#### RECORDS SUPPLIED
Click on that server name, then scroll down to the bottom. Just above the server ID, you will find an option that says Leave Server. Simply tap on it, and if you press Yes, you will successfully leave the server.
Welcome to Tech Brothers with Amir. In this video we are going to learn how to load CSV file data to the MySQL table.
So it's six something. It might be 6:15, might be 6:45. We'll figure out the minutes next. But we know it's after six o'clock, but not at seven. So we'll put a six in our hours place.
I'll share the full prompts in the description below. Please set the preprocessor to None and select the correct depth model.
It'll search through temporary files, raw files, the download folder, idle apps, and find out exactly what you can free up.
########
#### RECORDS SUPPLIED
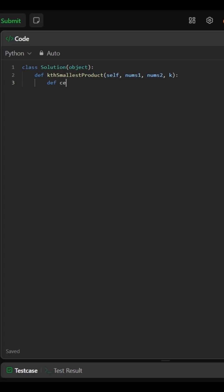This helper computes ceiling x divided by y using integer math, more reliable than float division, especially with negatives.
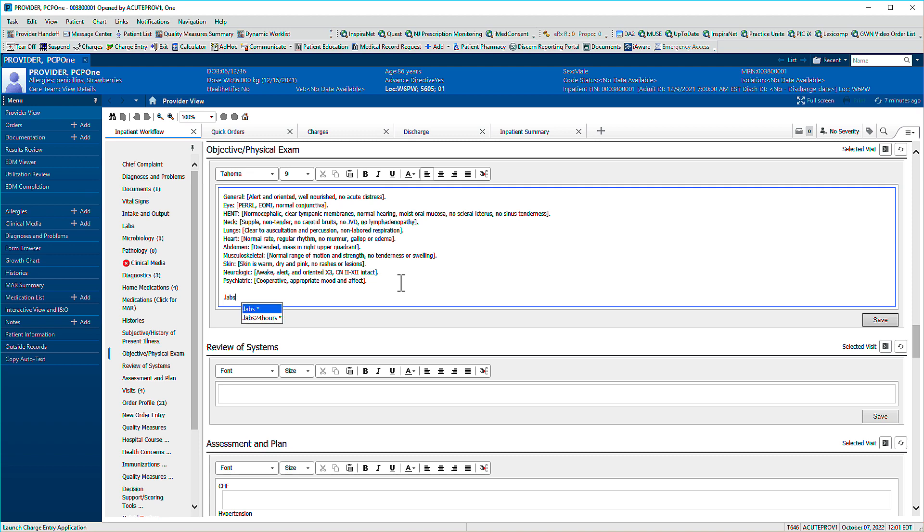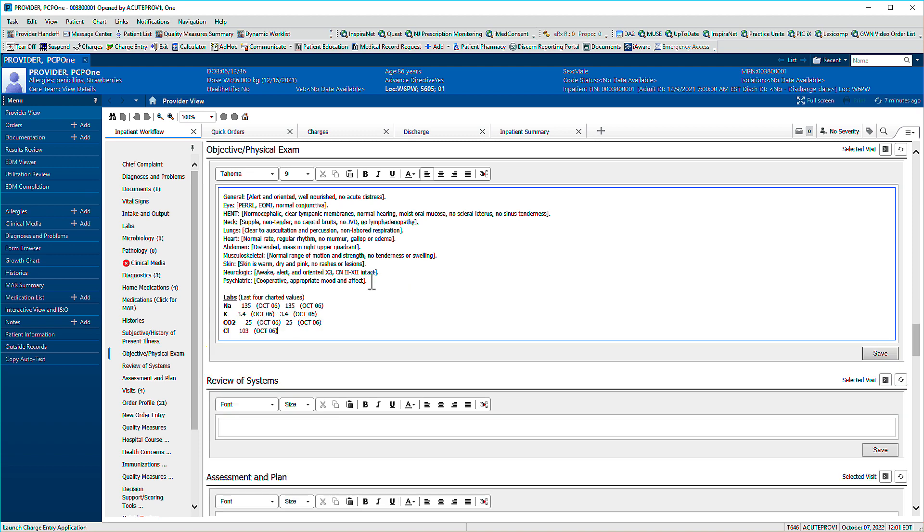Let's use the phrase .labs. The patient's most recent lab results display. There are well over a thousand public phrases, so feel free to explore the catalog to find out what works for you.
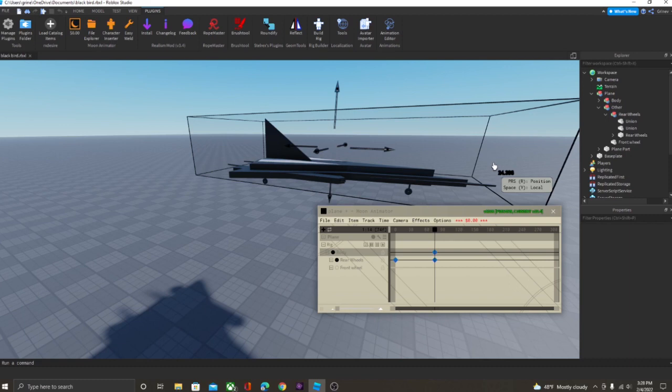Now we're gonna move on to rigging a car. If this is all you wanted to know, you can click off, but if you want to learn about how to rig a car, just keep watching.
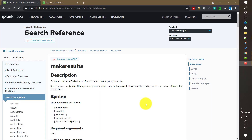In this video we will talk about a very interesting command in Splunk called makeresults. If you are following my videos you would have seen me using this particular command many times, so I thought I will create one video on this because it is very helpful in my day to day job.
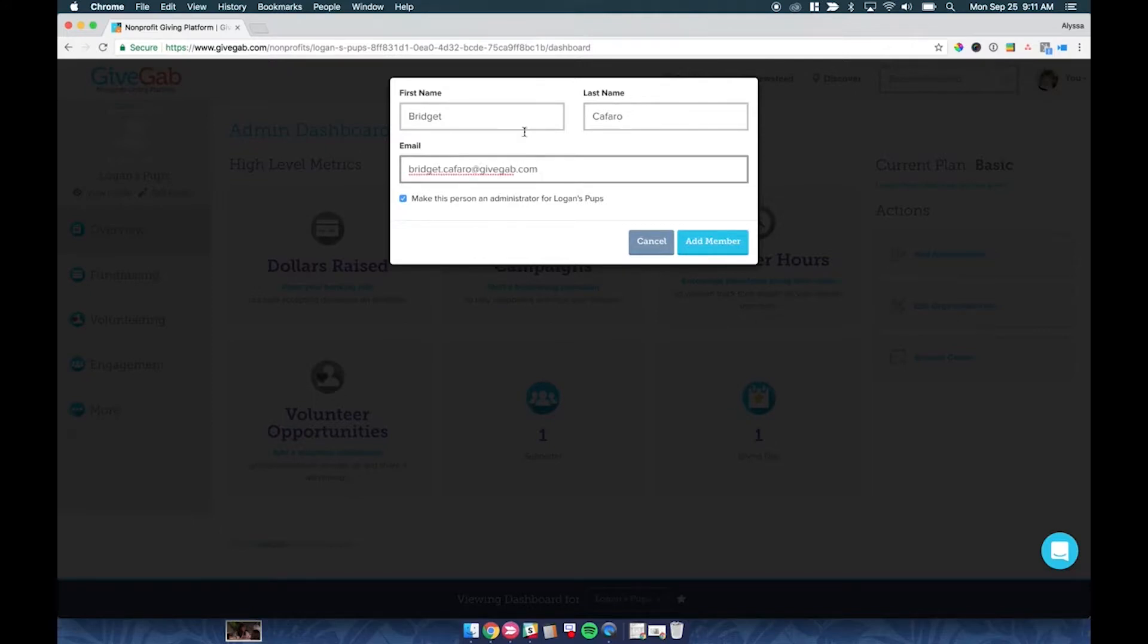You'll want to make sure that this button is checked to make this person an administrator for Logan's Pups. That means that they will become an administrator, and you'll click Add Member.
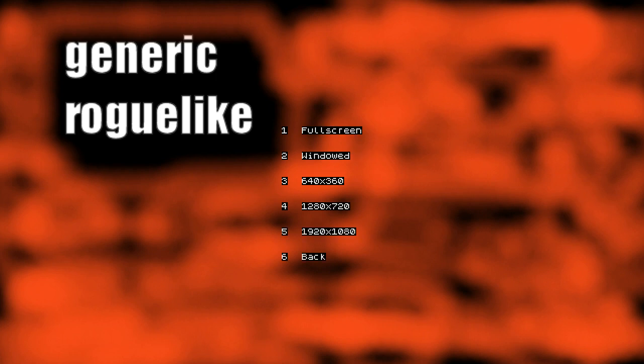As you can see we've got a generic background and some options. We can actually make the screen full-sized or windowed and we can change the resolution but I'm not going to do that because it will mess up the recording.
########
#### RECORDS SUPPLIED
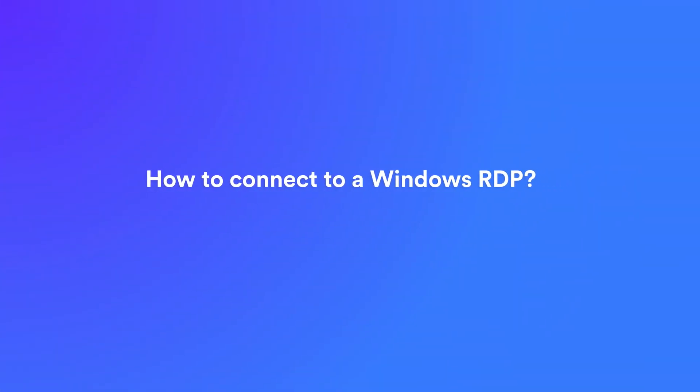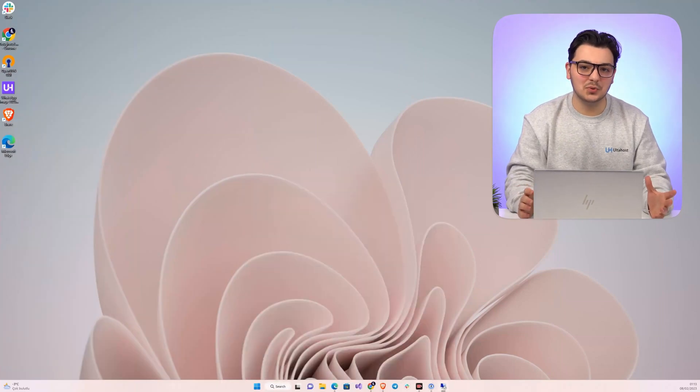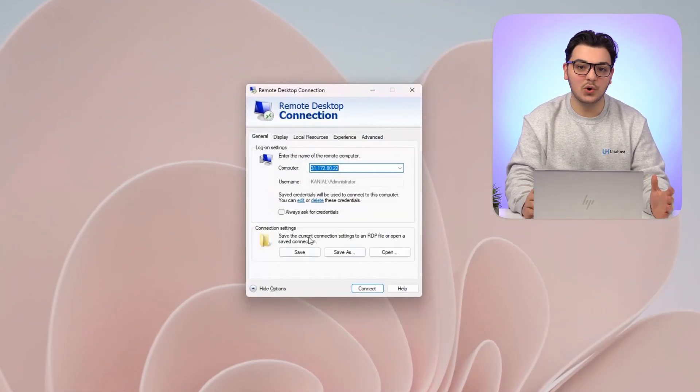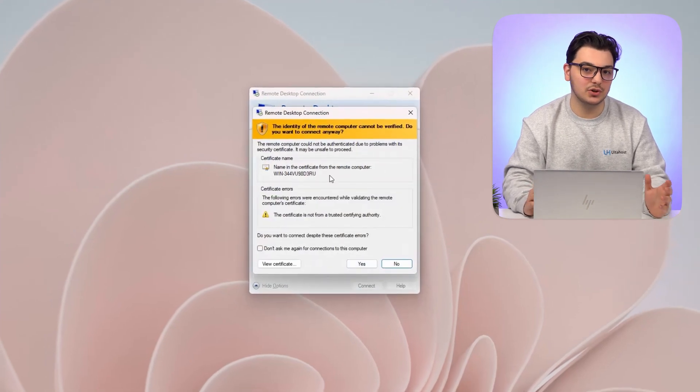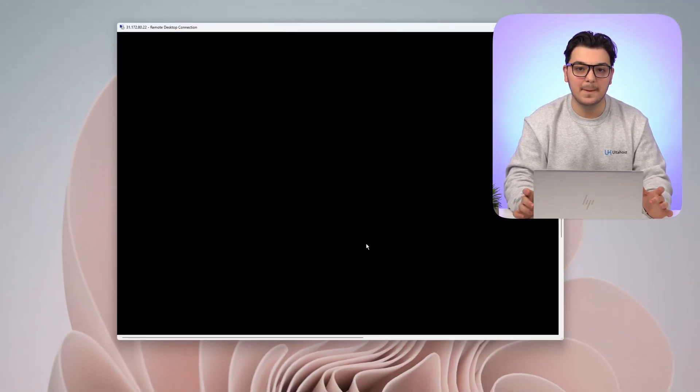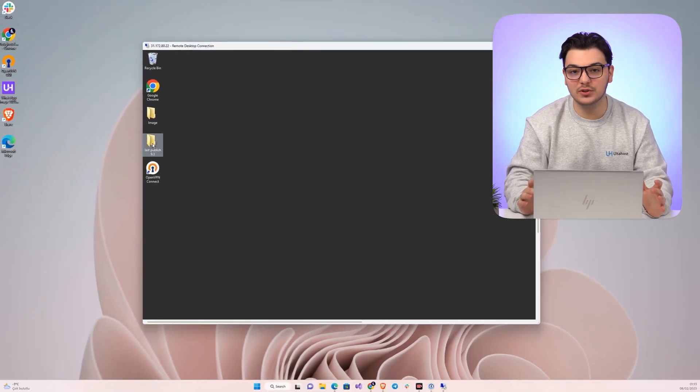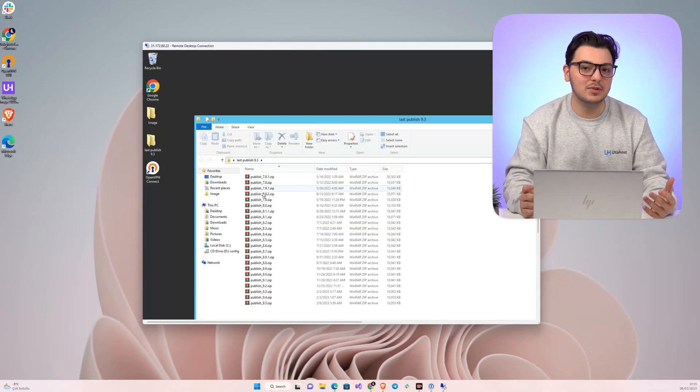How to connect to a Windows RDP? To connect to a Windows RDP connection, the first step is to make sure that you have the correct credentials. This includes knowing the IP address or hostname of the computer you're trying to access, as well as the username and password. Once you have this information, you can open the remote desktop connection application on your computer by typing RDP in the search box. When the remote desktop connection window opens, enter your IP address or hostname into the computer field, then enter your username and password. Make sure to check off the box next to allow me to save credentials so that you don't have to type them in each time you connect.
########
ABOUT THIS EXERCISE - Only the lines starting at the one with "Now we're gonna" and ending at the one with "In this video we will" should be printed, each exactly as it appears in the material above; the pictures are to be omitted.

FINISHED TASK -
Now we're gonna move on to rigging a car. If this is all you wanted to know, you can click off, but if you want to learn about how to rig a car, just keep watching.
In this video we will talk about a very interesting command in Splunk called makeresults. If you are following my videos you would have seen me using this particular command many times, so I thought I will create one video on this because it is very helpful in my day to day job.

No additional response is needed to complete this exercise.